Yes, some of the opinions in the thread may be a bit misguided, but it does indicate that, maybe, traditional photography clubs at times fall short of what new members may want. Look at it this way, digital photography is one of the more popular past times of the current era – should our clubs be not bursting at the door every meeting?
Now, I am sure you are probably asking yourself, “If you are so passionate, what are you doing about it”? Glad you asked.
In mid 2012, our current committee decided that to move out of the traditional photography club mould, we needed to start making some changes to our programme. The Blackwood Photography Club took what could be considered a bold move and reduced their competition nights by a 1/3 and replaced them with what we are calling “Peer Review” nights. This gives the membership an opportunity to discuss and analyse their photographs amongst their peers. While it is quite early days for us and a return to this concept (and we do have to iron out a few bugs here and there), we have been quite encouraged by the responses thus far. Will it be an out and out success? Who knows, but we are willing to give it a try.
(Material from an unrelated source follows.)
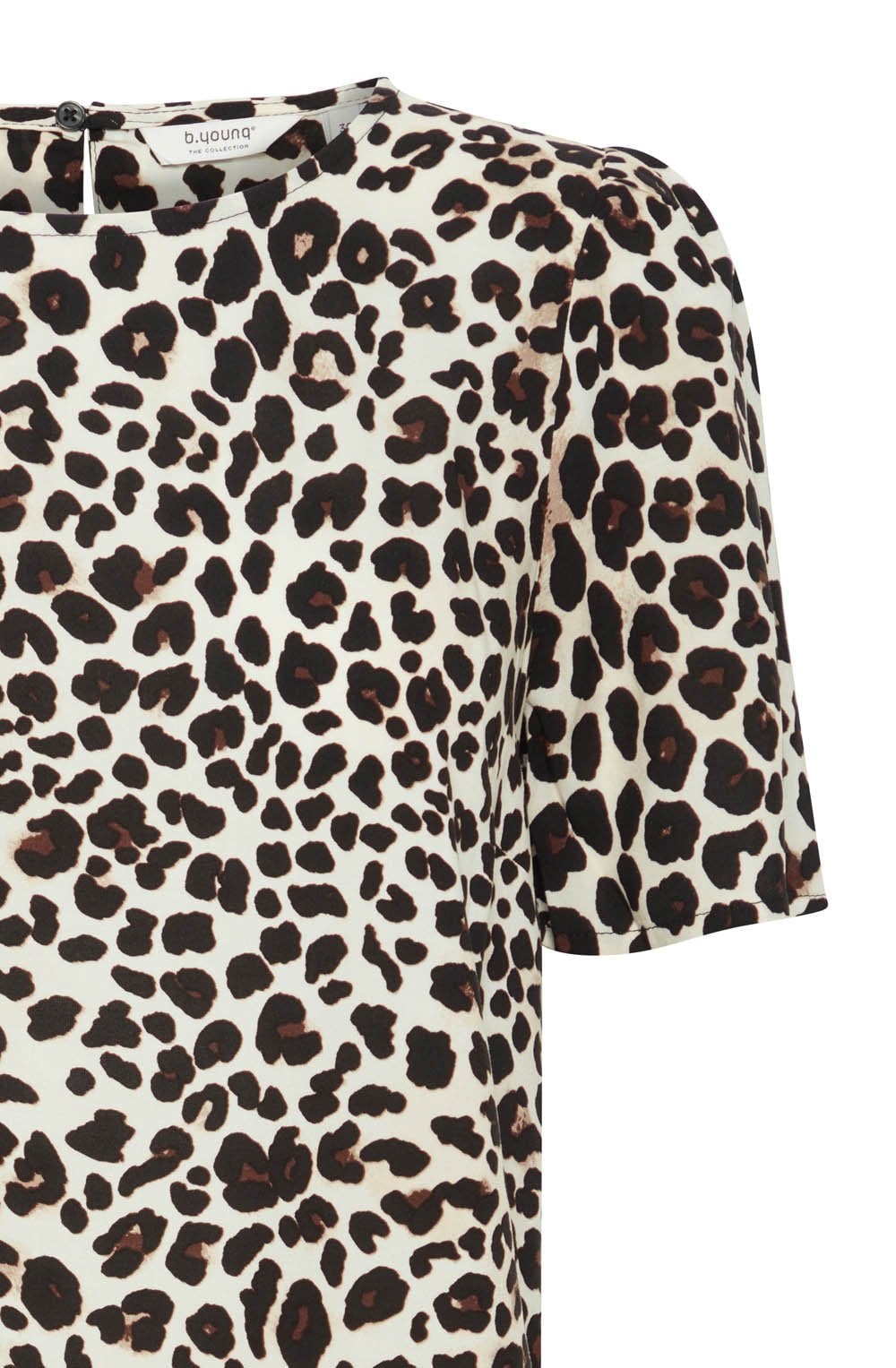 Black Leopard Print Short Sleeve Blouse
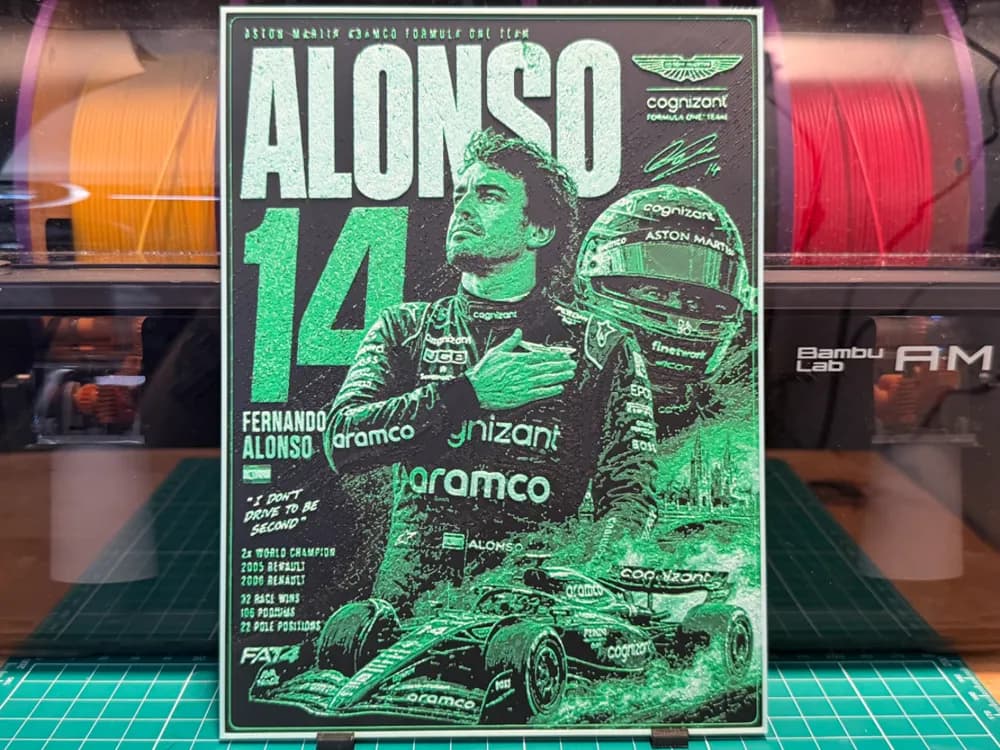 Fernando Alonso Poster by liv_3d HueForge model: Fernando Alonso Poster by liv_3d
We are also trying to listen to our members more and attempt to provide a programme that is better balanced.
I also think that many new initiatives that the SAPF have promoted and introduced over the last 12 to 18 months are very much a leap in the right direction. It is up to us, the established membership, to both promote and participate in these many new events. It is important that we don’t lose sight that photography clubs should be about enjoying our hobby in many and varied ways, just not about merits and 10’s.
Would we ever drop competitions fully? No. I do understand that many get great enjoyment out of them and they too are a very valuable tool to gain knowledge and recognition. Regardless of what was implied above, there are more good judges involved then not and there are a substantial number of people who make competitions work week in and week out.
There is a lot of great untapped potential out there. Photography clubs CAN and SHOULD be able to offer an additional outlet for those of the internet age.